**TASK INPUTS:**
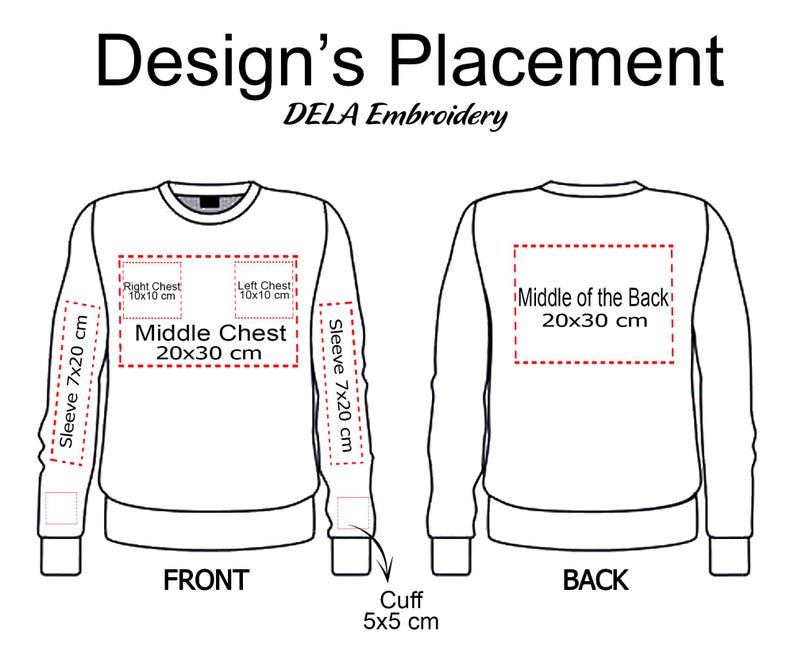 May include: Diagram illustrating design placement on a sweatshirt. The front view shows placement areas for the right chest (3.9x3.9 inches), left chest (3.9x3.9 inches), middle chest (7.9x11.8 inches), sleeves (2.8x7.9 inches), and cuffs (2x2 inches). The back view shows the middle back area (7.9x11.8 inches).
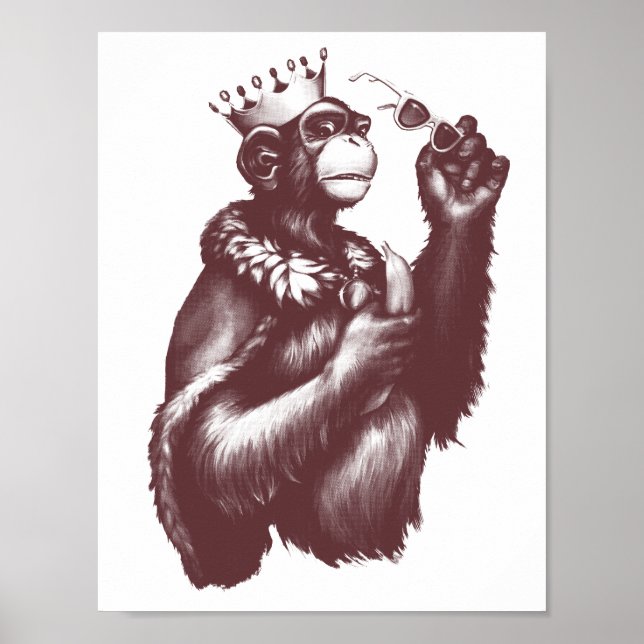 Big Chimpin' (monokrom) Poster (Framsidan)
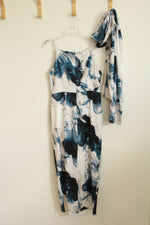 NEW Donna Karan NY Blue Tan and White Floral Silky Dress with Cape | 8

--

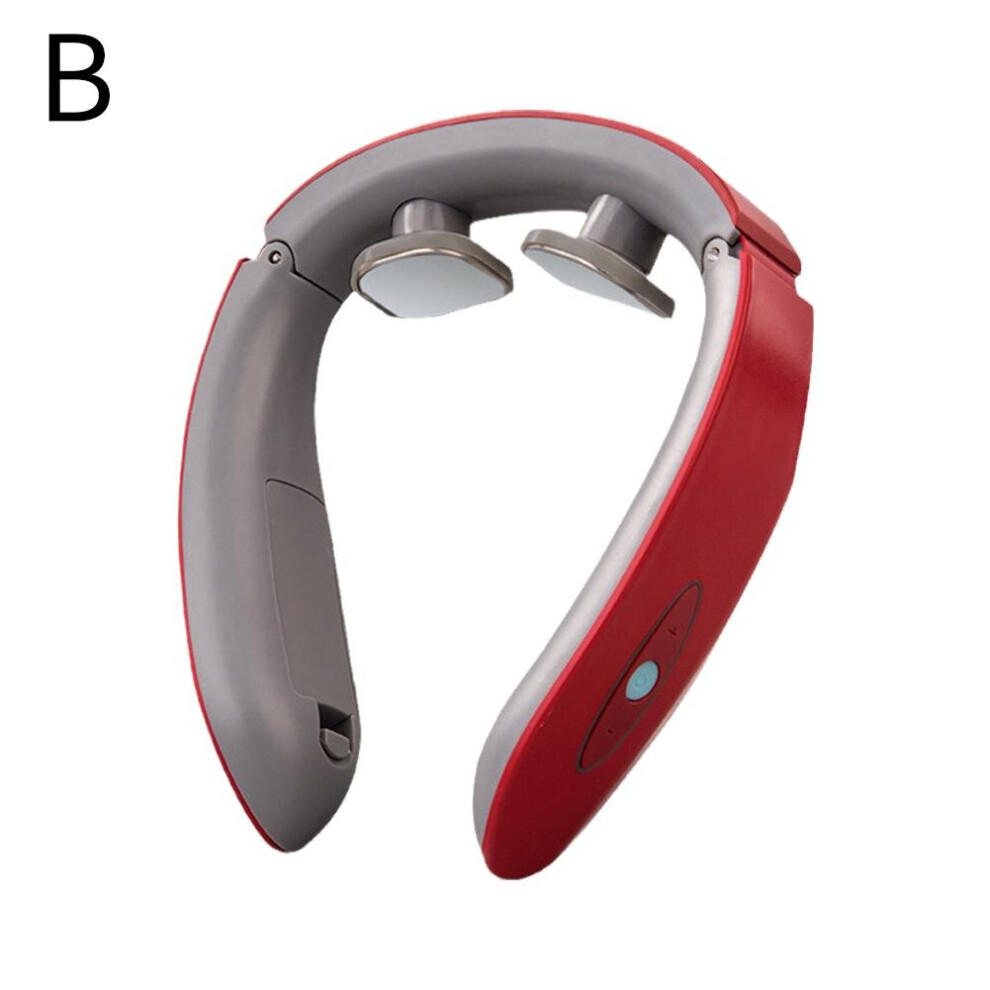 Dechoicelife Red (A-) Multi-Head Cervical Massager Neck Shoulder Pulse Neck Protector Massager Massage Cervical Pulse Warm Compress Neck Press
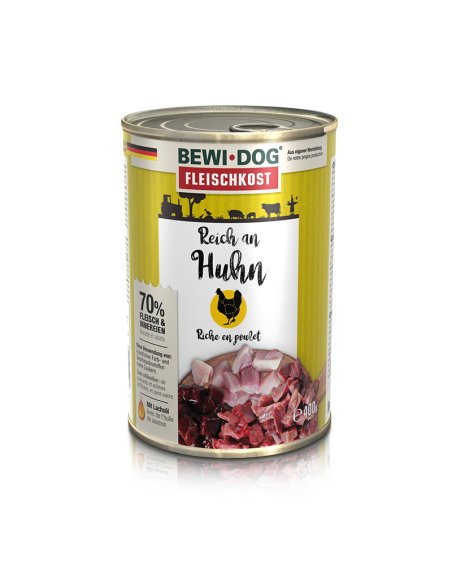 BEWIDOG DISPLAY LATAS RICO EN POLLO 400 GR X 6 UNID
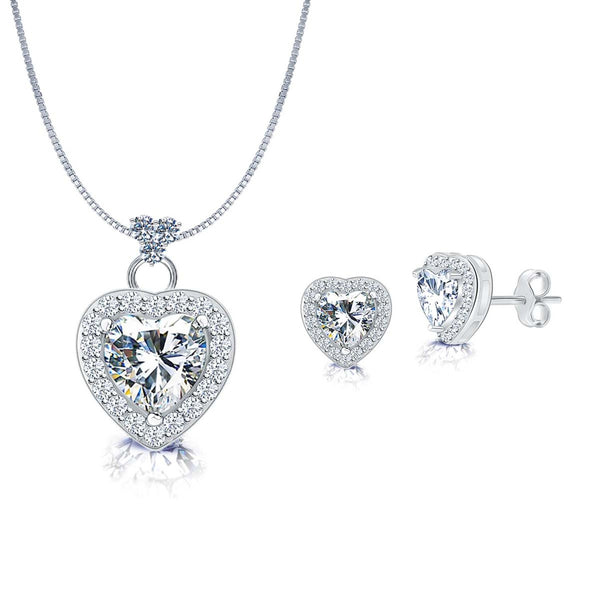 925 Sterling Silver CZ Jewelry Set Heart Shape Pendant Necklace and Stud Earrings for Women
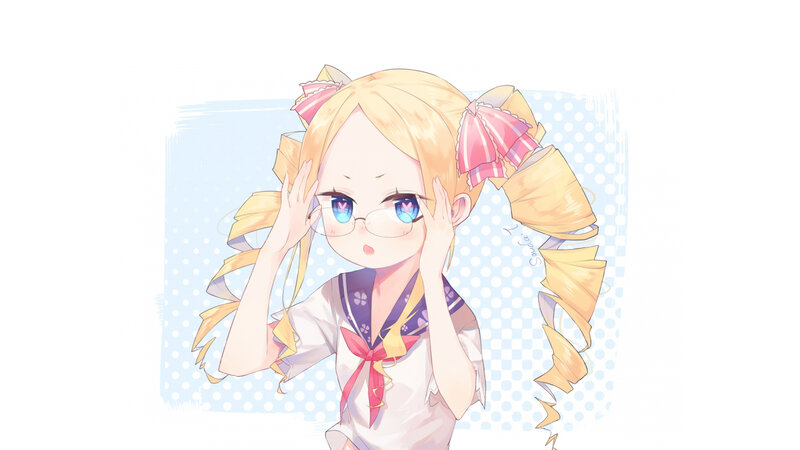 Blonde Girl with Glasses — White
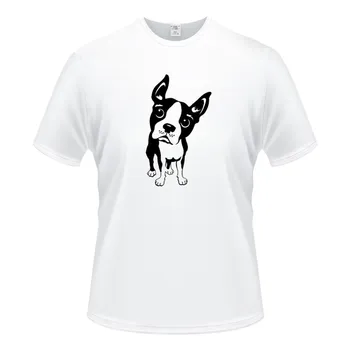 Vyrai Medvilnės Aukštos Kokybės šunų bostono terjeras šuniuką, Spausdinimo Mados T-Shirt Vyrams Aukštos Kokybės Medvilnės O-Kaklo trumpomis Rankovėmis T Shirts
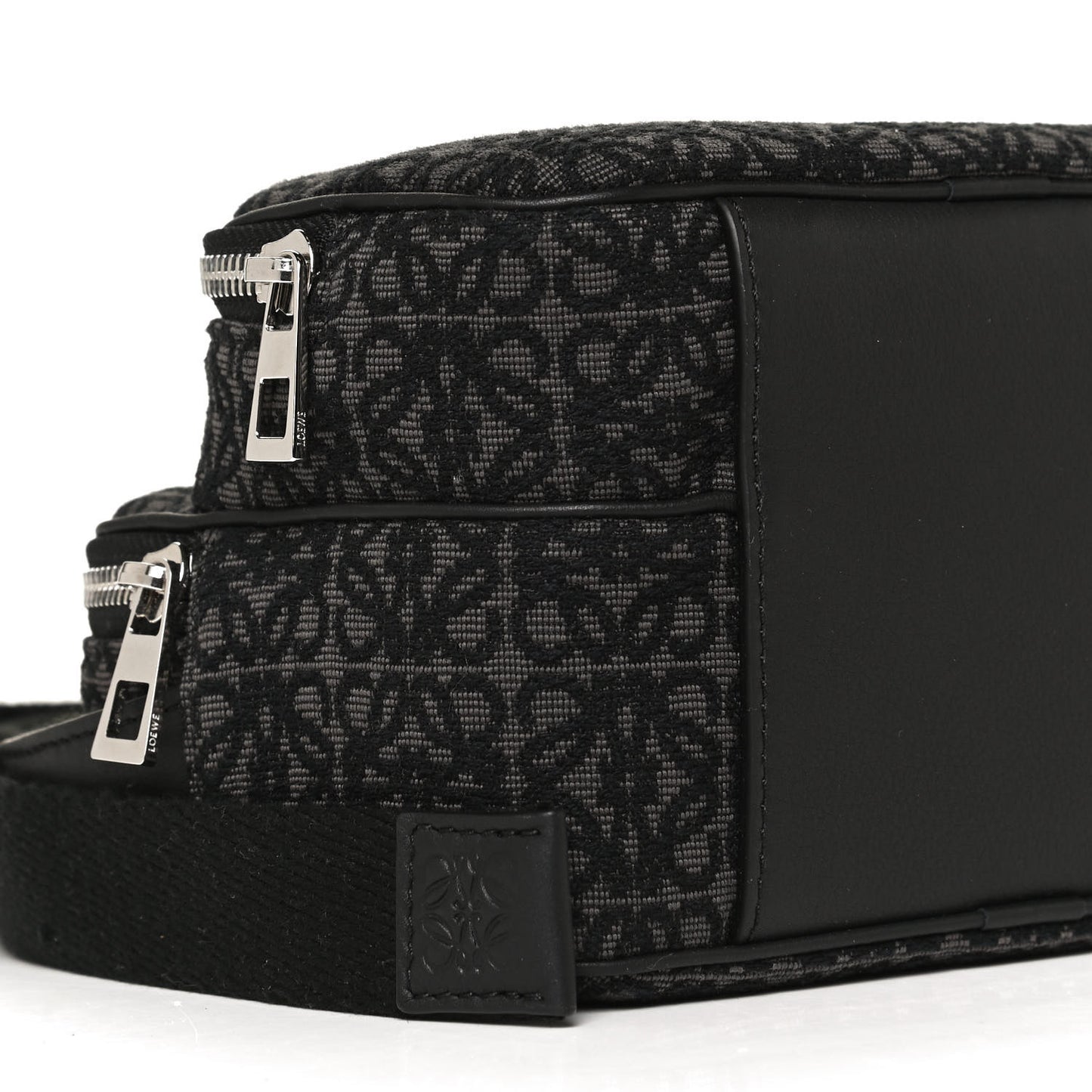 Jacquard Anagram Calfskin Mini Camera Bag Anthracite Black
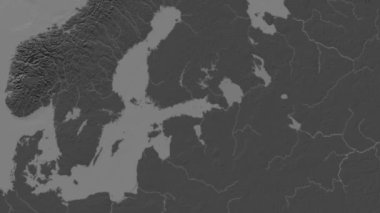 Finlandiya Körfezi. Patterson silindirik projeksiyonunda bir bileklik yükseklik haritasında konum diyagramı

* * *

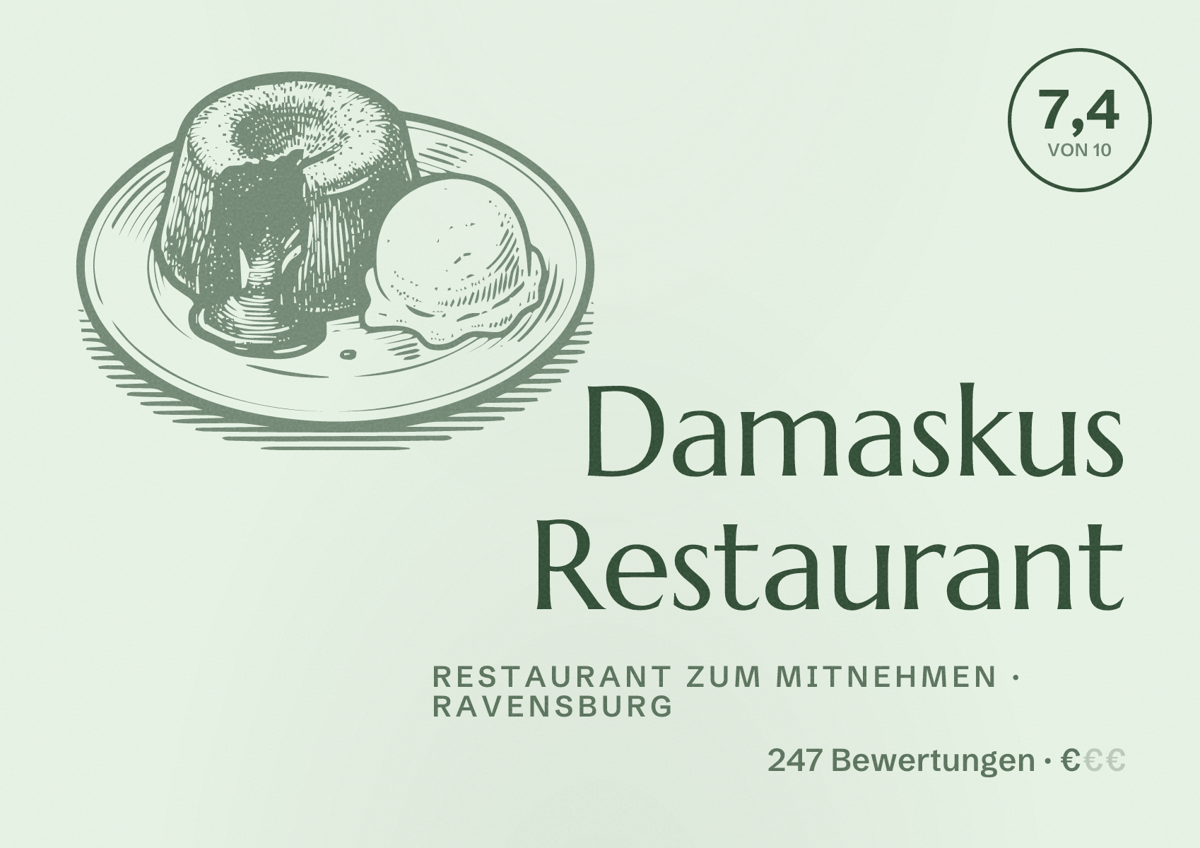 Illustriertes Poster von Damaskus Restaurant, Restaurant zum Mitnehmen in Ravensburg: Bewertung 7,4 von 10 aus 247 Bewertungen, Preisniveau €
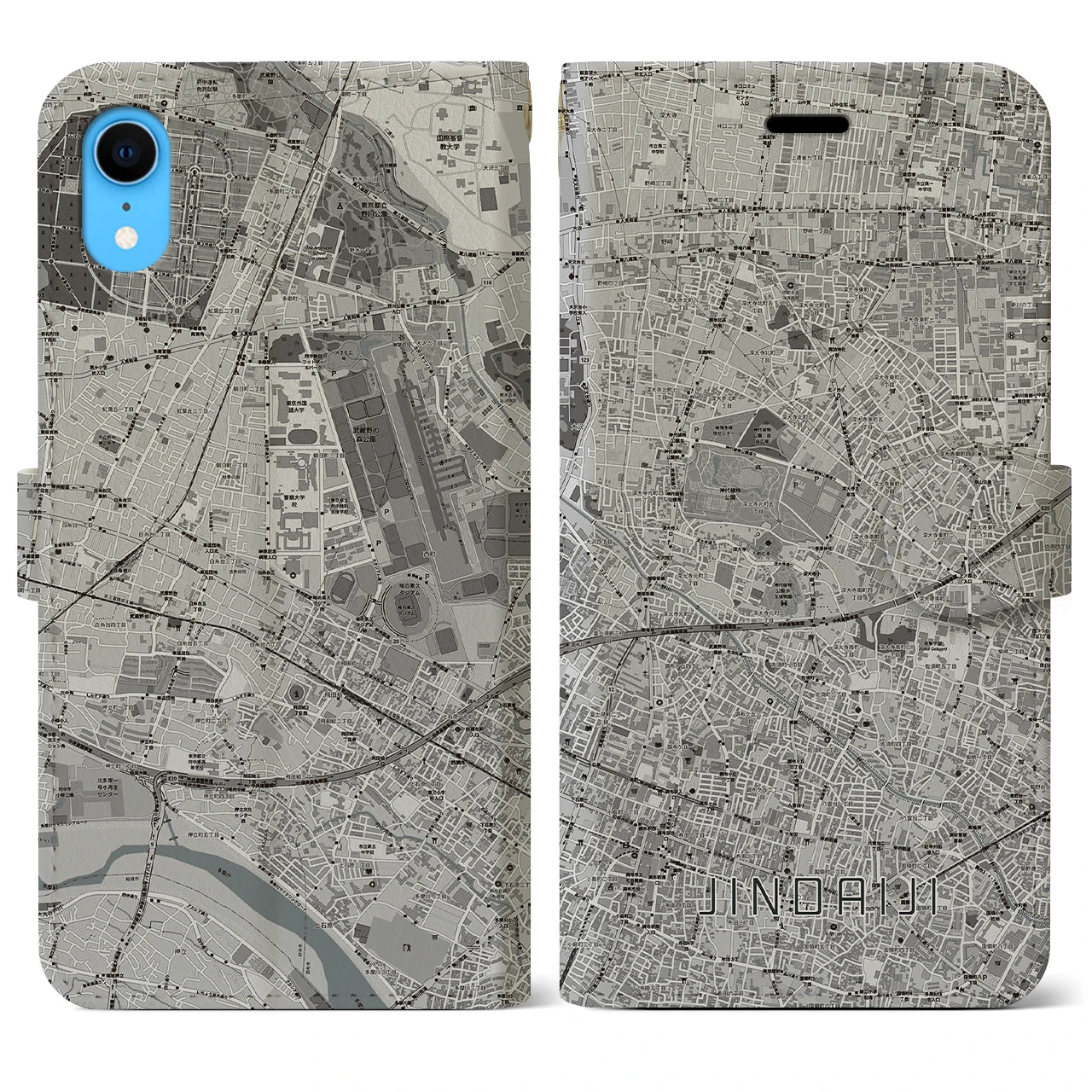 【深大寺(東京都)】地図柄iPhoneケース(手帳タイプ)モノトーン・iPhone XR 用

**TASK DIRECTIONS:** Set down again, word for word, every line from the one with "May include: Diagram" to the one with "NEW Donna Karan" in the entries above, and omit the pictures.

**SOLUTION TO THE EXERCISE:**
 May include: Diagram illustrating design placement on a sweatshirt. The front view shows placement areas for the right chest (3.9x3.9 inches), left chest (3.9x3.9 inches), middle chest (7.9x11.8 inches), sleeves (2.8x7.9 inches), and cuffs (2x2 inches). The back view shows the middle back area (7.9x11.8 inches).
 Big Chimpin' (monokrom) Poster (Framsidan)
 NEW Donna Karan NY Blue Tan and White Floral Silky Dress with Cape | 8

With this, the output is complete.